GD:Your recent biography includes major exhibitions such asAlphabet City, your first retrospective at Le Magasin in Grenoble (France) in 2007. You now participate at the second Athens Biennale, under the generic titleHeaven. How did you approach this proposal, in the context of the recurrent ideas of disaster, surrender and survival in your work?


LH:I love the title "Heaven" in addition to the previous one: "Destroy Athens!" They make such an odd couple. Who thought of this? Were there the same people responsible for both titles? It's really strange when you think about it. My disasters are mostly beautiful and deliberating catastrophes. They are transitions from one possibility to another and just mark a moment in between. I find these always the most interesting when one ideological construction falls and there is this moment of non-definition before something new imposes itself. It feels like a crack in the floor where light shines through. It has a circular form that goes all the way to the bottom of things. It seems that all affections, names, etcetera… are slipping off the surface and everything shows itself naked and bare for a second in its genuine naivety.


GD:Υou are now based in Berlin after many years in Cologne.
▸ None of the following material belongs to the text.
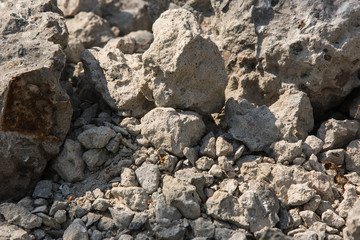 Background pile of stones on sunny weather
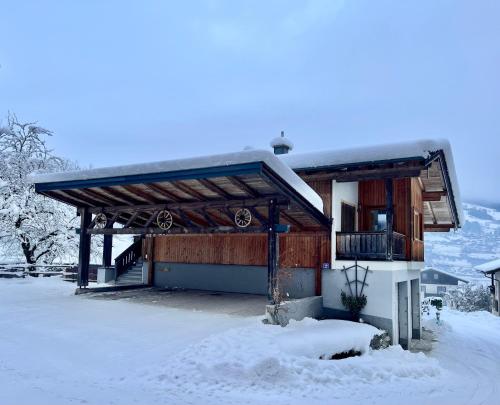 a building with snow on the ground in front of it at Stöcklgut Ferienhaus in Niedernsill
Does this change have any impact on your work? What are your plans for the upcoming year?


LH:Berlin is a strange place these days. Nobody speaks any German. Everything is international. It is sometimes frightening and it often makes me feel paranoid. But, as usual, the downside of one thing can be the benefit. You can't feel at home in Berlin in the sense that you think that you belong in the city and the city belongs to you. Berlin doesn't belong to anyone. And because there is no money, there is no hierarchy. If Berlin has changed my work in any way, than probably that I regard doing art as less special now than back in Cologne. Everyone's an artist here. In Cologne we were princes, here we are paupers (laughs).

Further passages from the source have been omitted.